--- DATASET EXTRACT ---

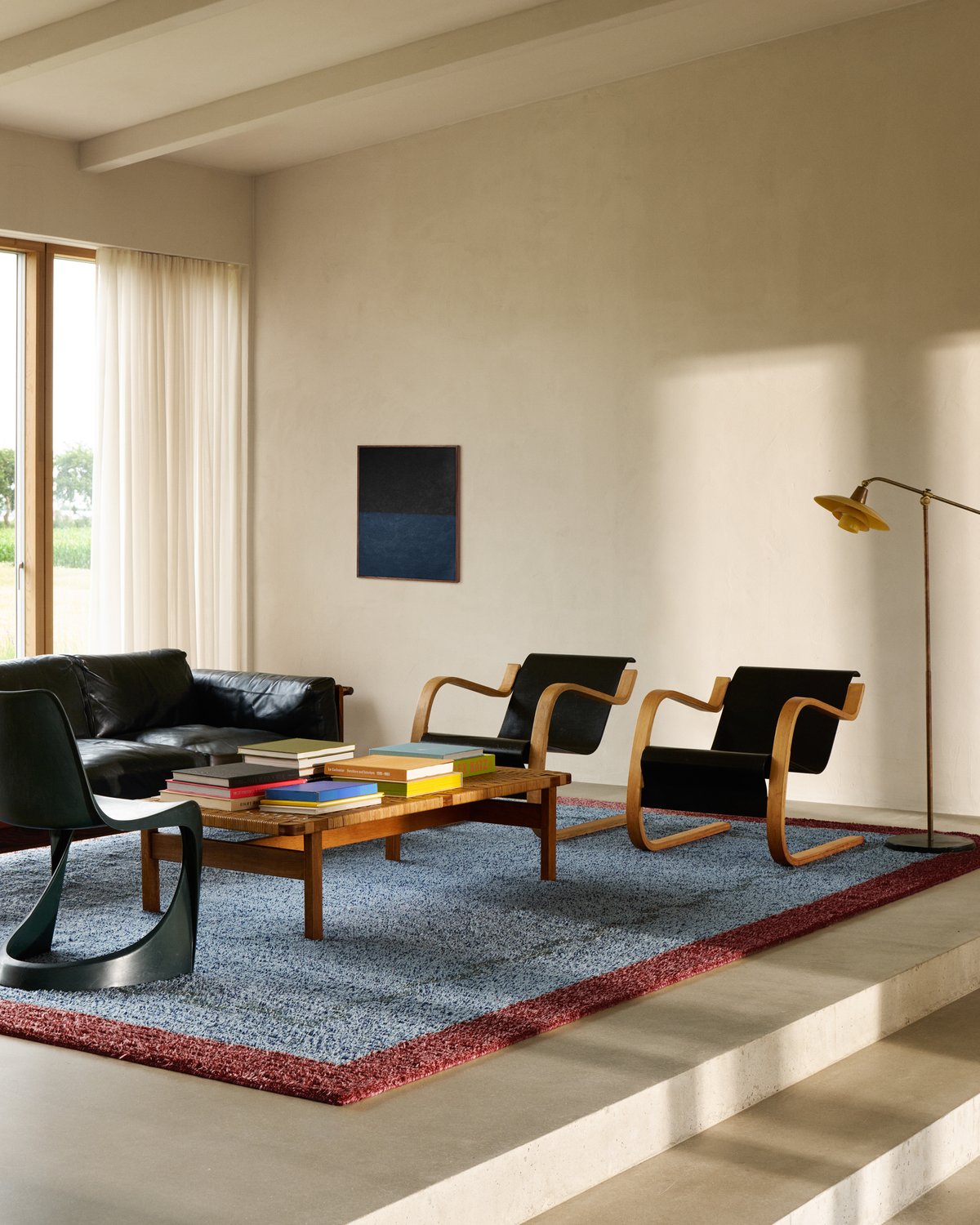 Tapis en laine à poils longs Ryya en Blue, photographié dans un salon moderne en Scanie, avec des meubles noirs et en bois.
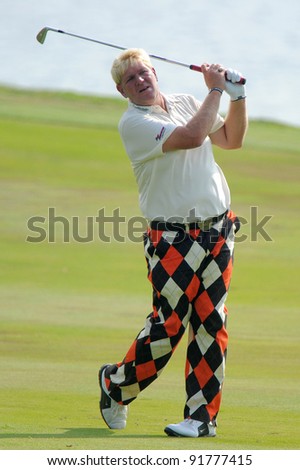 CHONBURI,THAILAND - DECEMBER 15:John Daly of United States plays a shot during day one of the Thailand Golf Championship at Amata Spring Country Club on December 15, 2011 in Chonburi, Thailand.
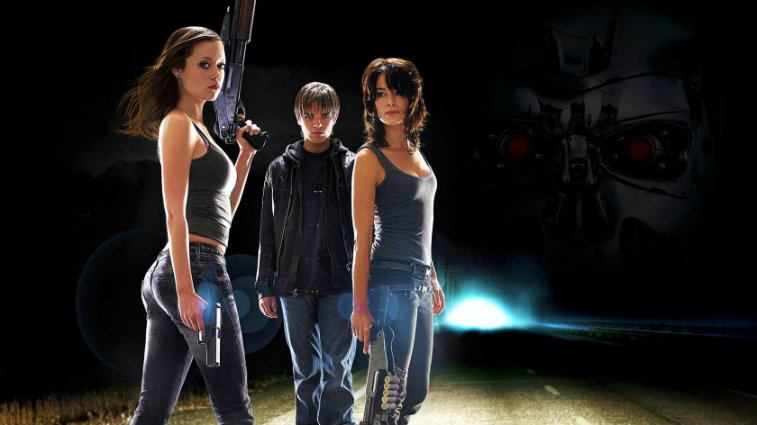 The cast of Terminator: The Sarah Connor Chronicles poses together holding weapons
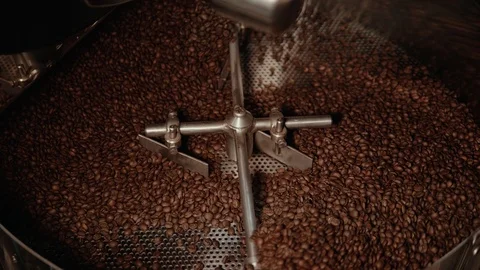 Coffee beans are being mixed and dried. Stock Footage 111066582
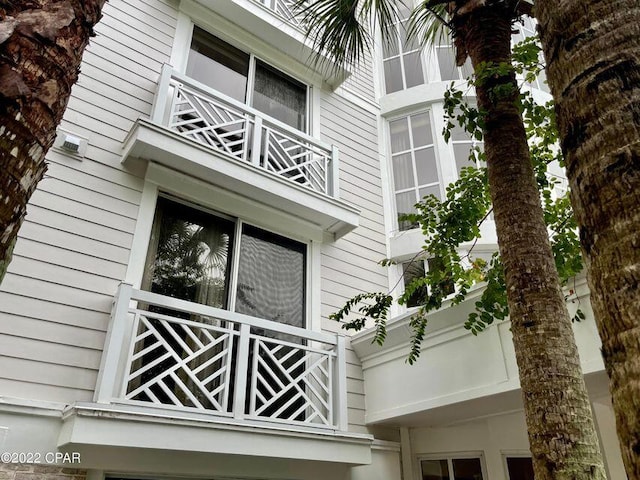 view of home's exterior with a balcony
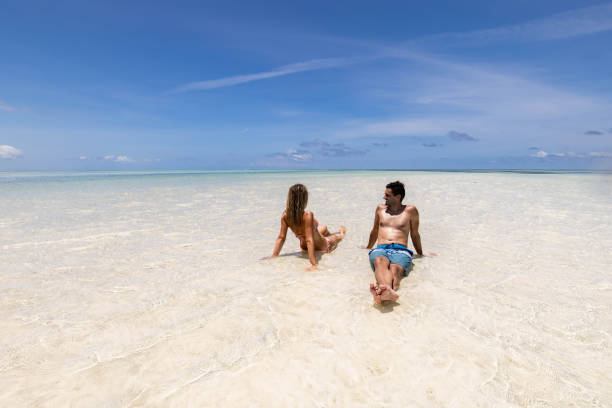 Zanzibar Honeymoon Cost experience with a happy couple relaxing together in the warm Indian Ocean waters in Zanzibar.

---

▶ **YOUR TASK**:
Recopy the full listing exactly, passing over any picture.

▶ **SOLUTION TO THE EXERCISE**:
 Tapis en laine à poils longs Ryya en Blue, photographié dans un salon moderne en Scanie, avec des meubles noirs et en bois.
 CHONBURI,THAILAND - DECEMBER 15:John Daly of United States plays a shot during day one of the Thailand Golf Championship at Amata Spring Country Club on December 15, 2011 in Chonburi, Thailand.
 The cast of Terminator: The Sarah Connor Chronicles poses together holding weapons
 Coffee beans are being mixed and dried. Stock Footage 111066582
 view of home's exterior with a balcony
 Zanzibar Honeymoon Cost experience with a happy couple relaxing together in the warm Indian Ocean waters in Zanzibar.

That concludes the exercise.